The rolled-up newspaper was lying on the table, and I would have loved to have swatted Glynn hard right on her aching head. Instead, I got up, poured myself a cup of coffee, and announced that I would take them back to the hotel in fifteen minutes.
“You made her mad, Glynnie,” I heard Lynn say as I headed down the hall. “Claire will not like that.”
It was almost an hour before we headed downtown. The twins insisted on changing the guest room bed and cleaning the bathroom. Whether it was remorse over making me angry or over their binge, they wouldn’t leave until everything was spotless. When we left the house, sheets and towels were chugging away in the washing machine and the physical effort of the cleaning seemed to have made the twins feel better. Before we went out of the back door, I had one of them write down their aunt Liliane’s phone number and address, which I stuck up on the refrigerator. I almost asked why they weren’t staying with her but decided it was none of my business.
It was a quiet ride back to the hotel. Glynn sat beside me but closed her eyes and seemed to be dozing. Lynn stretched out on the backseat. They both woke up, though, when I came to the corner of the library and slowed.
> “We’ll get out here,” Glynn said. “Thank you, Mrs. Hollowell.”
“Thank you, Mrs. Hollowell,” Lynn echoed.
The light changed just as they got out, so they crossed the street in front of me.

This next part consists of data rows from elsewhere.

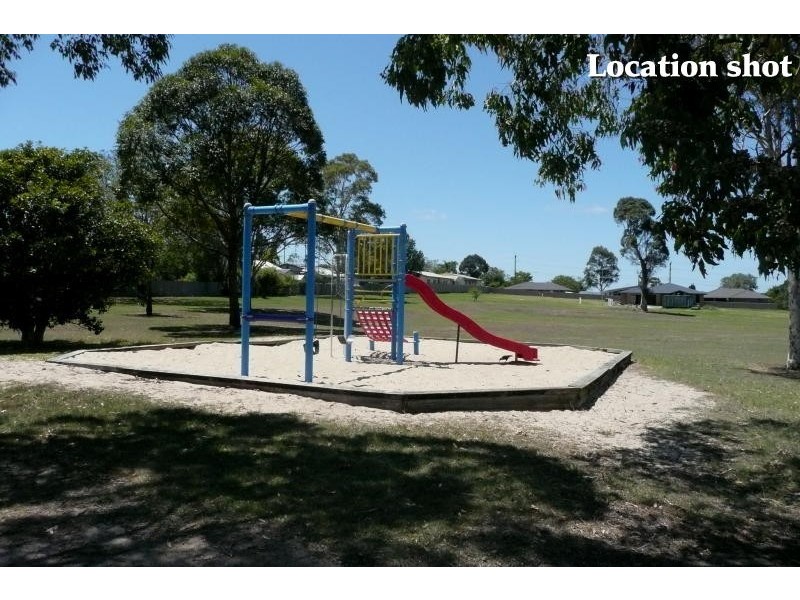 6 Railton Avenue, Taree NSW 2430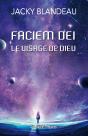 Faciem Dei Le Visage De Dieu - Preview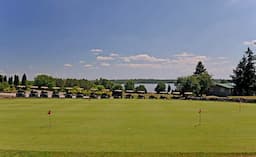 Course Image 2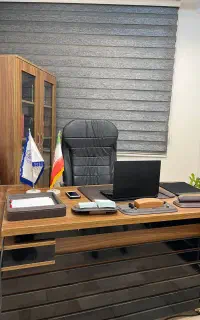 مشاوره تحصیلی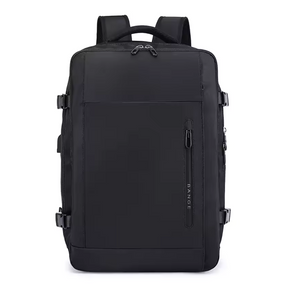 Mochila de Viagem Masculina Lorennzi Bange 6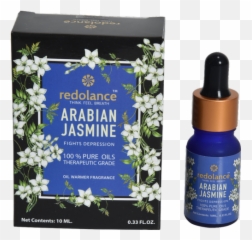 Essential Oils - Redolance 100 Pure Natural Ballerina Rose Skin Care Emoji,Essential Oil Images And Emotions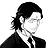 shota aizawa
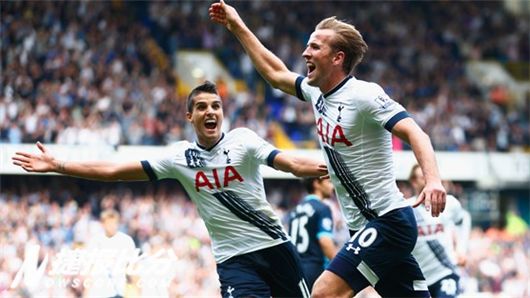 击败辽宁女 击败辽宁女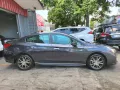 ✅Subaru Impreza 2018 2.0i S W/Sunroof 37K KM Casa Maintained Automatic-6
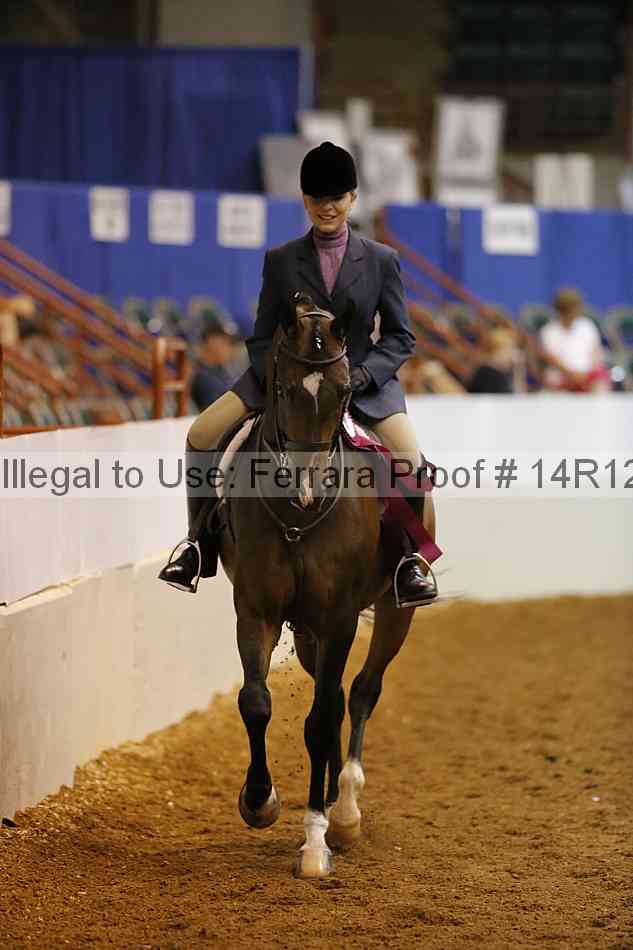 Proof 14r12_3342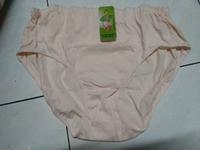 Gambar CELANA DALAM HAMIL AGREE MAMABEL celana hamil cd hamil dari Sakinah St undefined 3 Tokopedia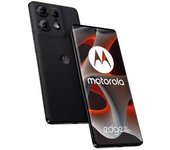 Motorola Edge 50 Pro 5g 12/512gb Negro (black Beauty) Dual Sim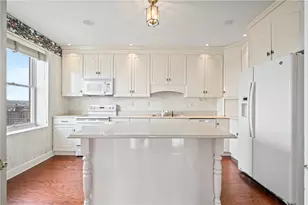 220 N Bellefield Ave, Pittsburgh, PA 15213 - Photo 7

Wilted as they were, they turned the head of every man they passed. I wondered, idly, what possessing that kind of power would be like. Or if they would have the same impact away from each other. The person behind me blew his horn and I realized the light was green. I waved an apology and headed home.
It had been the twins who had spirited Claire from the hospital. I was more convinced of that than ever. Lynn’s remark, “Claire will not like that,” sounded as if they were in close touch. A taxi pulled up into the lane beside me, reminding me of what the twins had said about Betty Bedsole. How sad she looked. I thought about the picture of her as a debutante, eighteen, beautiful, with her adoring father looking down at her. Had Claire and the twins’ mother also been beautiful? Probably. For a while. Before abuse and alcohol. Damn. Let the twins’ getting drunk the night before be an isolated incident.
The sheets and towels had finished washing when I got home. I put them in the dryer and checked my messages. Bonnie Blue had called; she was on her way to work but would call later. That was it. No invitations to brunches, lunches, or open houses to celebrate the season.
“It’s because you’re so unsociable, Patricia Anne,” Mary Alice said on the way to Harpersville. We were going to get the tree first and then pick Bubba up on the way home. “When have you had a dinner party?”
I tried to remember. “Last January?”
“There. You see? And that was just some couples from the neighborhood.”
“Frances Zata came. You came.”
“And the memory, pleasant as it is, is becoming dim. Why don’t you do it again?”
“After Christmas. I can’t afford Tiffany and the Magic Maids and caterers like you can.”
“They’re not necessary for a nice party.”
“How come you always have them, then?”
“I said they weren’t necessary. I didn’t say they weren’t wonderful.”